When we embark on the journey of learning a new language, we soon find ourselves going through four distinct stages. Understanding that these stages will happen and that they are normal can go a long way to helping us enjoy the ride.
Stage 1: The Honeymoon
This is the exciting, first, stage of learning just about anything. You’re going to learn a new language! You sign up for lessons (live or on-line), buy books, DVDs, and instructional programs, and resolve to study diligently every day.
Anticipation is what makes this phase particularly fun. Those shiny new books are enticing and encouraging. The first few lessons are easy. You can do this! You dream of the day (just around the corner, surely!) when you’ll be able to converse with confidence.
Stage 2: Reality Trip
After a few weeks (six weeks on average, though it can vary from person to person) you suddenly realize: This is hard work. And you begin to wonder if this whole language-learning thing was such a good idea.
Perhaps the lessons have gotten more complicated. Perhaps you’ve found that it isn’t as easy to sit down for that regular practice you resolved to do when you started, or that other things suddenly seem more important or attractive than studying or attending classes.
Suddenly the shine is off the apple, and you’re not so sure you want to do this anymore.

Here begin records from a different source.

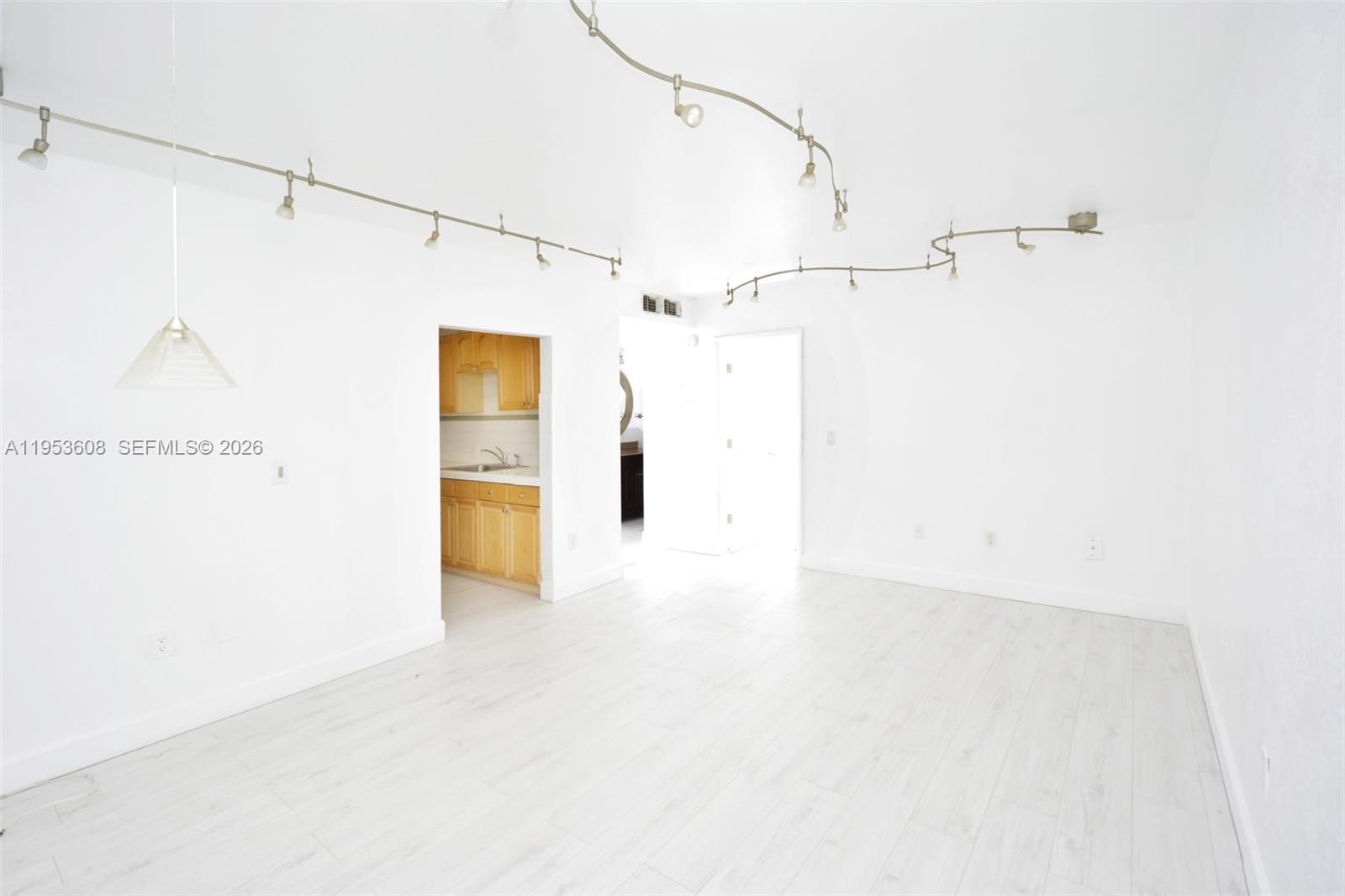 344 Meridian Ave #2B Miami Beach, FL 33139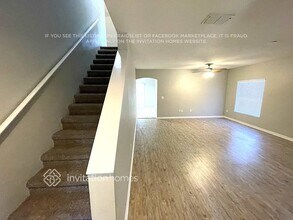 2551 Butterfly Landing Dr in Land O Lakes, FL - Building Photo - Building Photo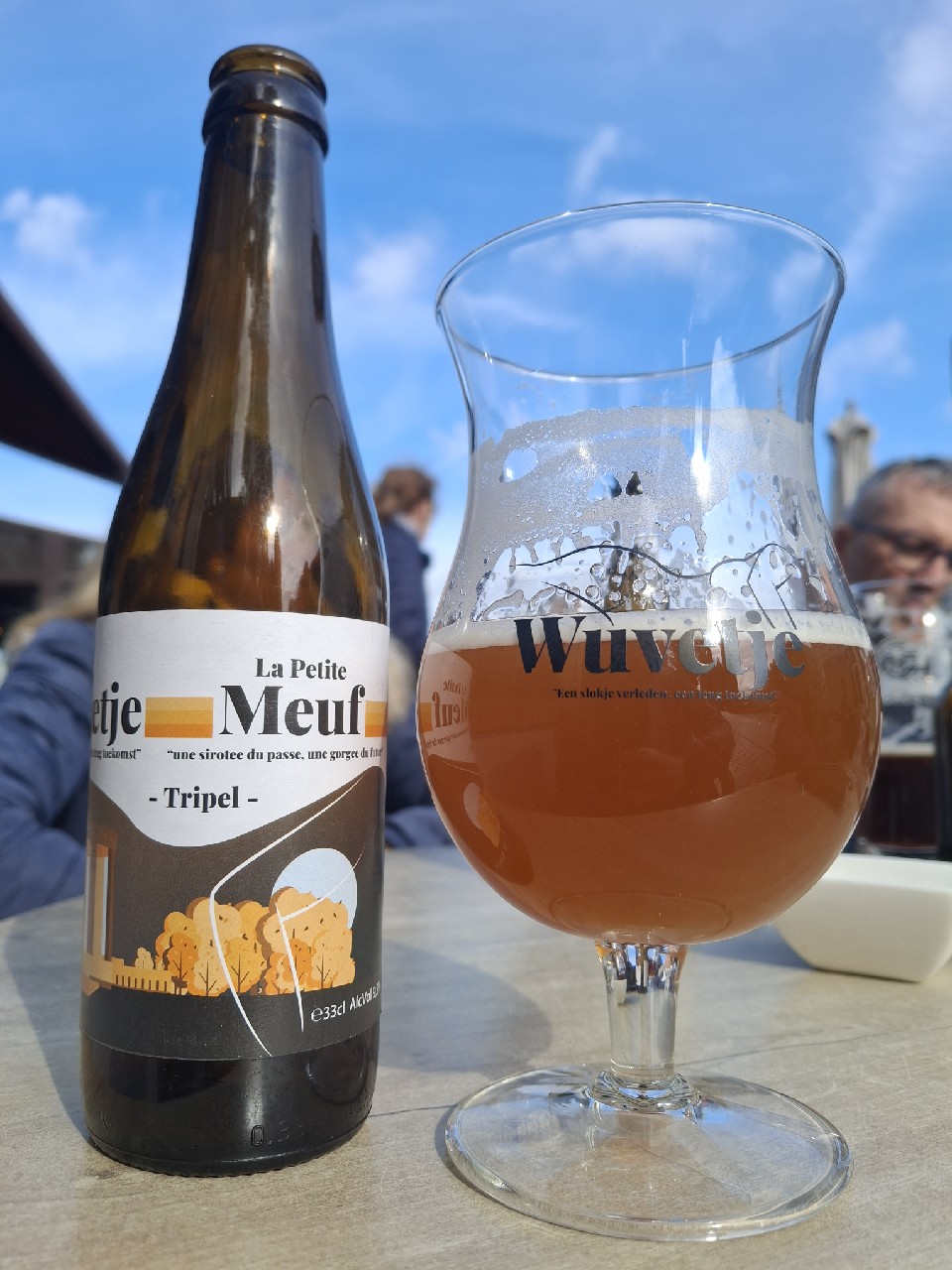 wuvetje tripel, Wispelturig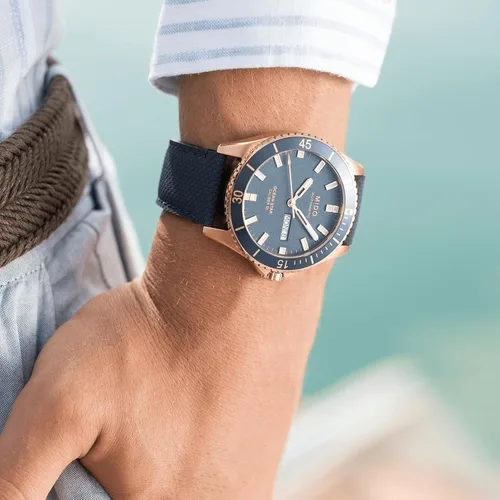 Miniatura 5 de MIDO Ocean Star 200 - Swiss Automatic Watch for Men - 42.5mm Stainless Steel Case - Day/Date Calendar - Rotating Bezel - 200m Water Resistance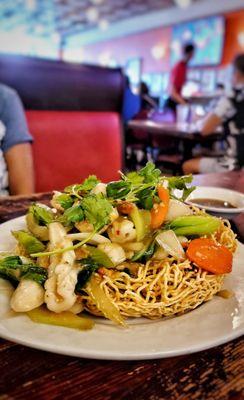 Stir-fried Lomein w/ Seafood (Shrimp, Squid, Scallop & Mixed Veg)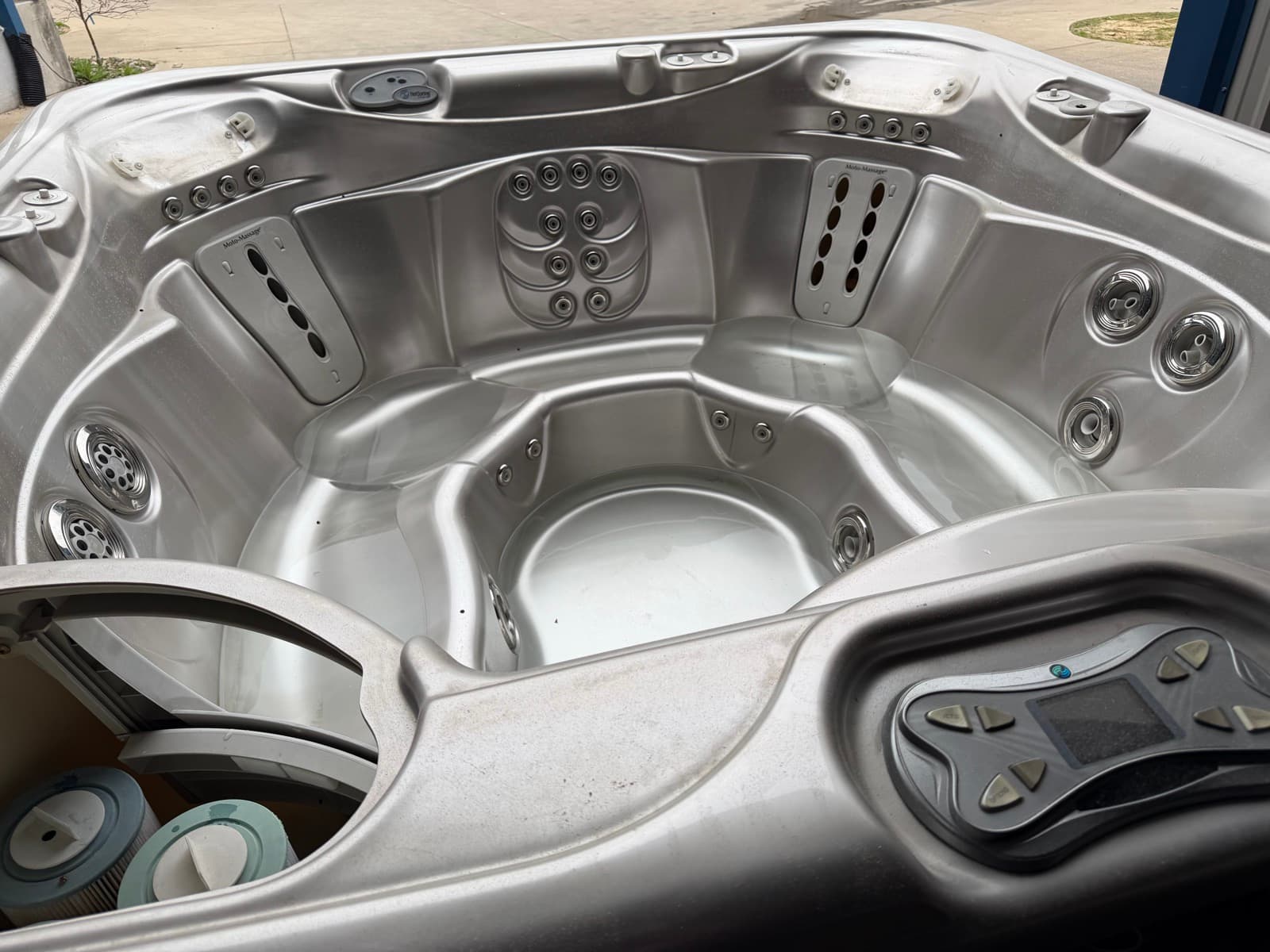 Pre-owned Hot Spring Envoy hot tub for sale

It’s more work than you’d expected, and you’re busy with other things. And — let’s face it — some aspects of language learning can be (gasp!) boring!
Sadly, this is the stage at which many people give up.
It’s a little like a road trip
If you’ve ever planned a family road trip, you know this phenomenon well. Poring over maps and brochures, planning routes, anticipating what you’ll do at each stop, buying clothes for the trip…all of that is great fun.
Then, when you’re several hours into driving — the kids are bored, your partner is hungry, you realize it’s going to take longer to reach the hotel than you’d thought, and you think you may have missed your turn-off — suddenly that road trip doesn’t seem so fun after all.
Of course, if you’ve ever done this kind of trip, you also know it will get better. If you just keep going, things will start to be fun and interesting again. You’ll get your second wind, food and routes will get sorted, and you will reach your destination eventually.
The secret is to keep going
Knowing that this is a natural part of the learning process makes it a little easier to keep going. And, if you can do that, I promise, it will get to be fun again.
Just as a driver may stop at a roadside attraction to recharge, you may decide to focus on a less stressful aspect of the language for a while. Read children’s books, sing songs, watch subtitled soap operas. Then, when you’re ready, hit the road again.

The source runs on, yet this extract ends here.